## [REQUIRED ACTION]
Produce word for word the lines of the data below running from the one that has "Tidak memiliki lisosom" to the one that has "Tidak mempunyai vakuola", inclusive, and no others.
*** Opening of DATA SECTION ***
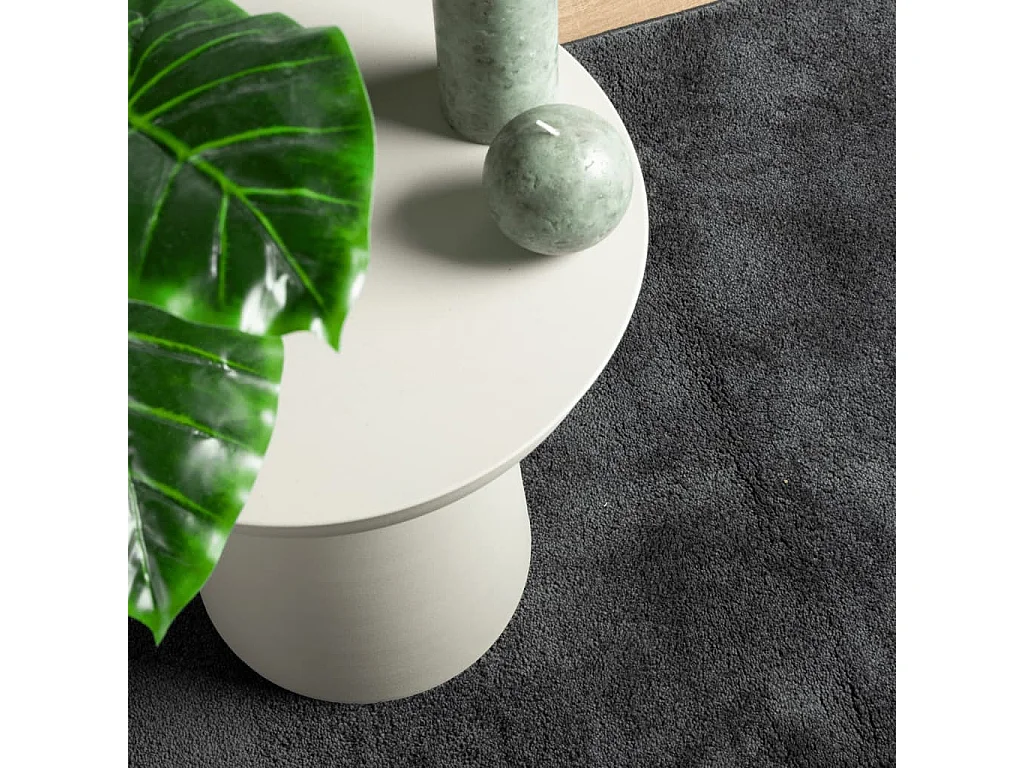 Tapete de pelo curto OVIEDO 240x340 cm antracite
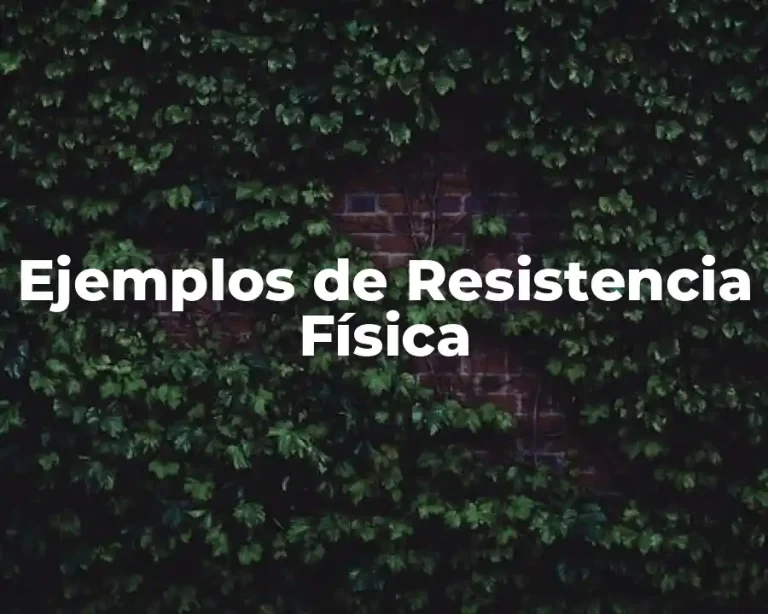 Ejemplos de Resistencia Física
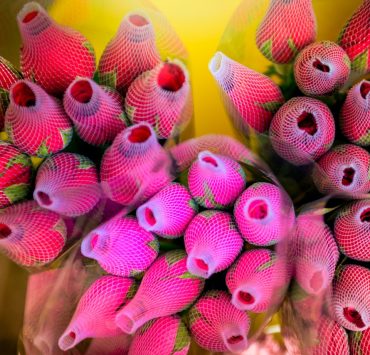 Blomstermarknaden i Hongkong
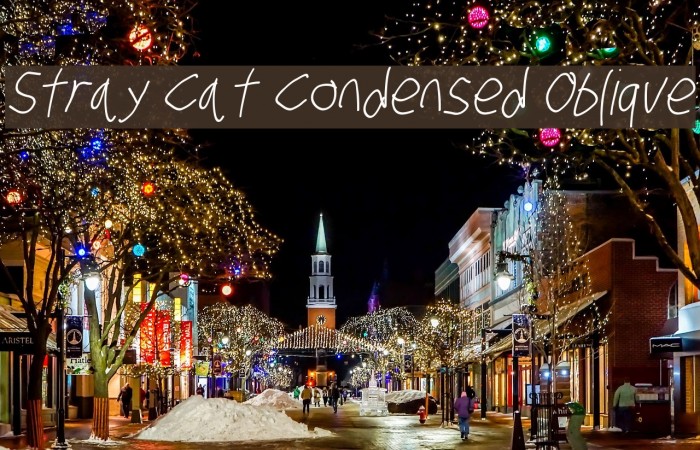 Stray Cat Condensed Oblique Font examples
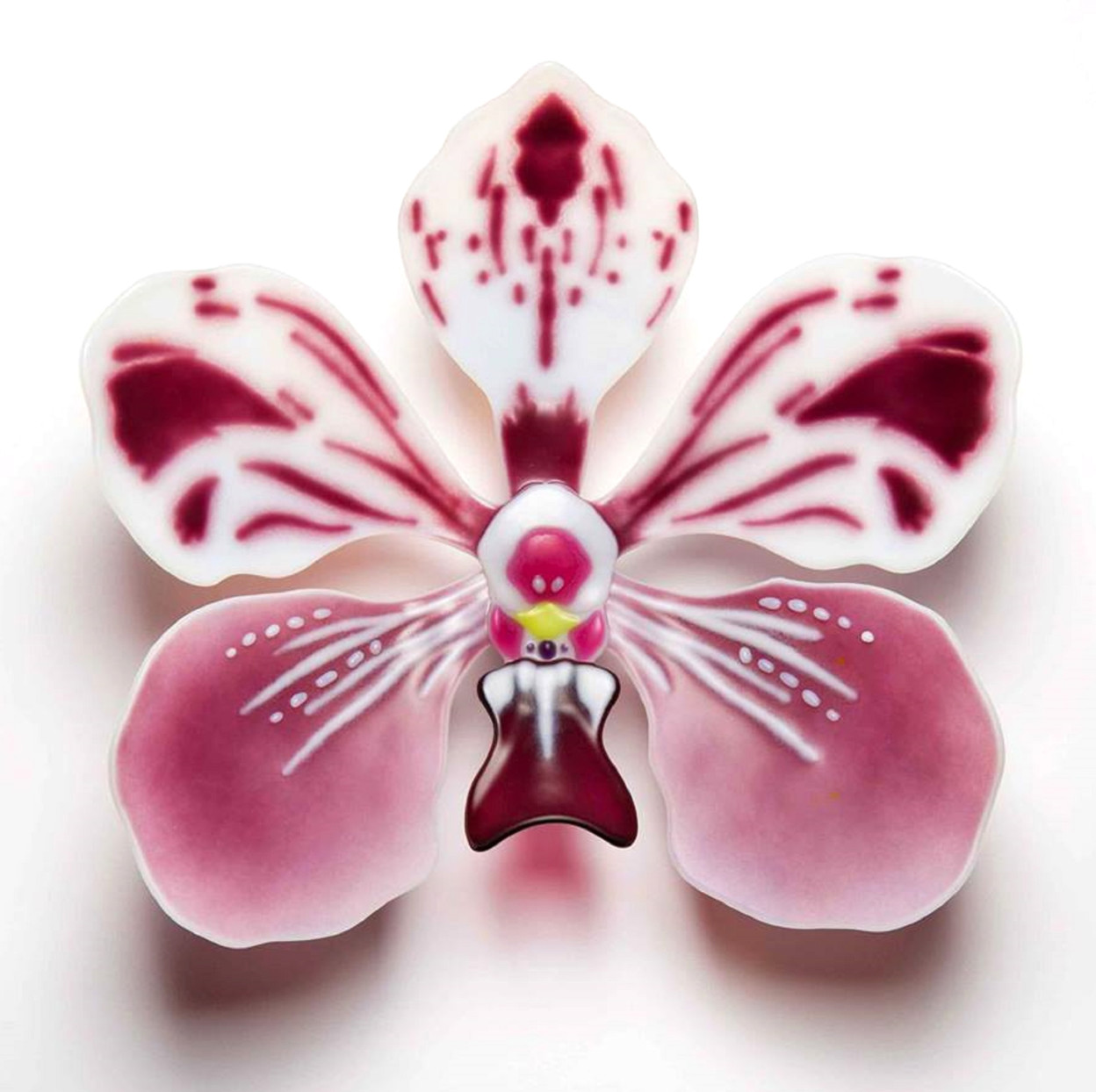 Orchidées de verre : l’art délicat (et un peu magique) de Laura Hart Les delicates orchidees de verre de Laura Hart 9 Les-delicates-orchidees-de-verre-de-Laura-Hart-9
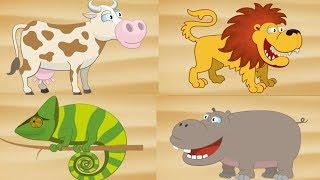 Baby tv channel  Baby tv Monkey Oliver Learning animals name and sound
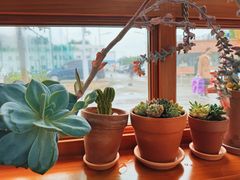 -AHAVA·Fang Baking Studio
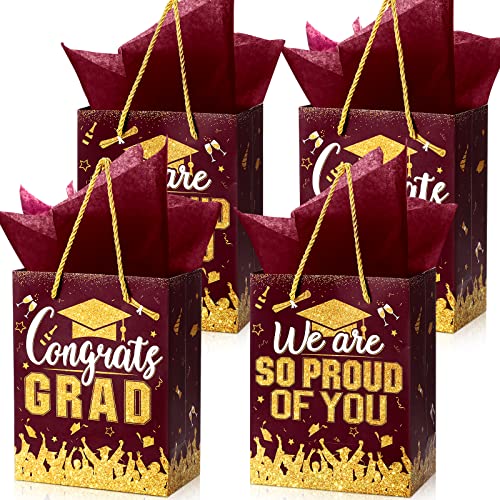 TaoBary 12 Pcs Graduation Gift Bags with Tissue Party Favor Bag Handles Class of 2026 Grad Paper Goodie Bulk for Congrats Supplies(Burgundy Gold)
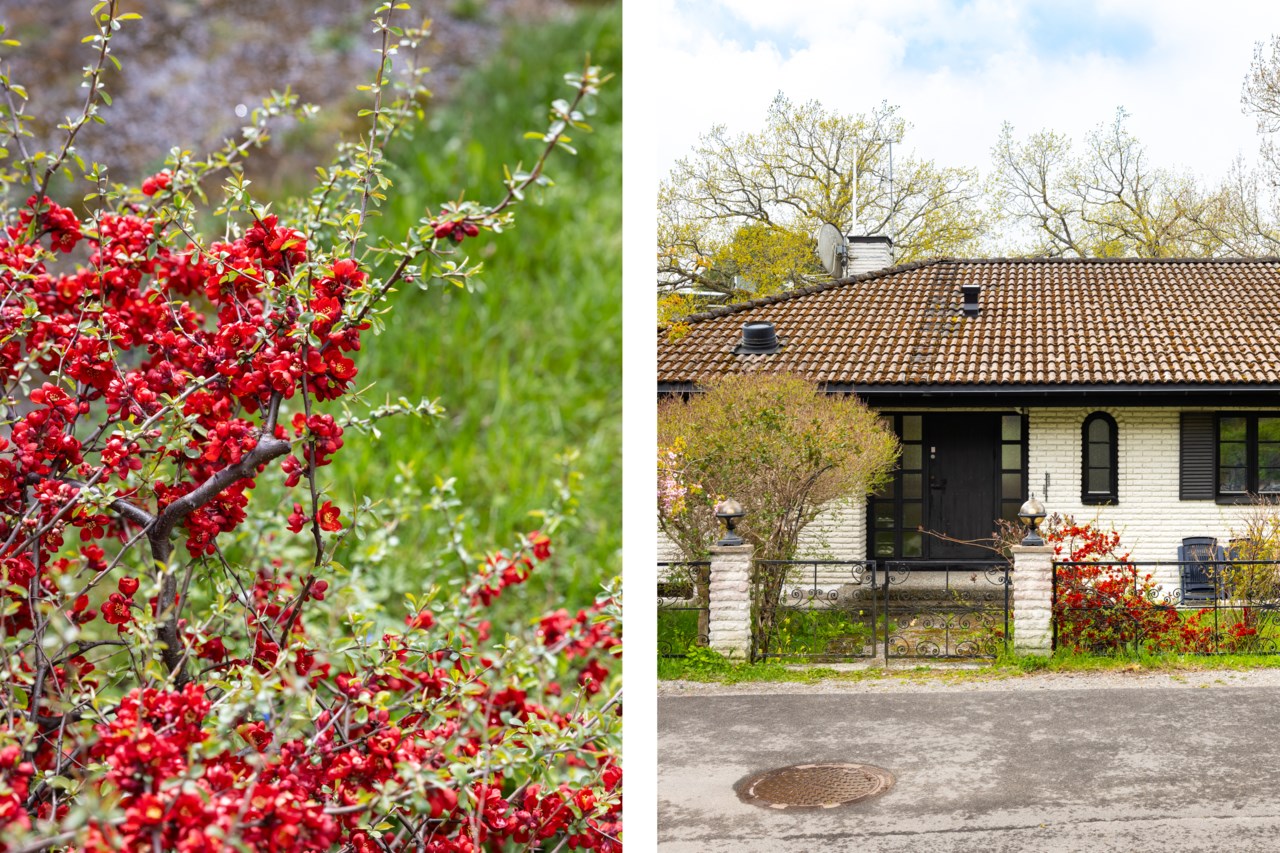 Rödstuguvägen 44/Vitlingvägen 1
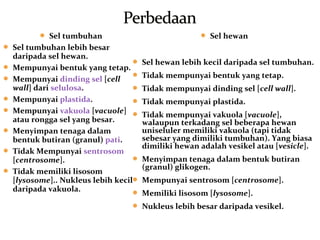  Sel tumbuhan
 Sel tumbuhan lebih besar
daripada sel hewan.
 Mempunyai bentuk yang tetap.
 Mempunyai dinding sel [cell
wall] dari selulosa.
 Mempunyai plastida.
 Mempunyai vakuola [vacuole]
atau rongga sel yang besar.
 Menyimpan tenaga dalam
bentuk butiran (granul) pati.
 Tidak Mempunyai sentrosom
[centrosome].
 Tidak memiliki lisosom
[lysosome].. Nukleus lebih kecil
daripada vakuola.
 Sel hewan
 Sel hewan lebih kecil daripada sel tumbuhan.
 Tidak mempunyai bentuk yang tetap.
 Tidak mempunyai dinding sel [cell wall].
 Tidak mempunyai plastida.
 Tidak mempunyai vakuola [vacuole],
walaupun terkadang sel beberapa hewan
uniseluler memiliki vakuola (tapi tidak
sebesar yang dimiliki tumbuhan). Yang biasa
dimiliki hewan adalah vesikel atau [vesicle].
 Menyimpan tenaga dalam bentuk butiran
(granul) glikogen.
 Mempunyai sentrosom [centrosome].
 Memiliki lisosom [lysosome].
 Nukleus lebih besar daripada vesikel.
*** Close of DATA SECTION ***
## [ANSWER FOR THE TASK]
 Tidak memiliki lisosom
[lysosome].. Nukleus lebih kecil
daripada vakuola.
 Sel hewan
 Sel hewan lebih kecil daripada sel tumbuhan.
 Tidak mempunyai bentuk yang tetap.
 Tidak mempunyai dinding sel [cell wall].
 Tidak mempunyai plastida.
 Tidak mempunyai vakuola [vacuole],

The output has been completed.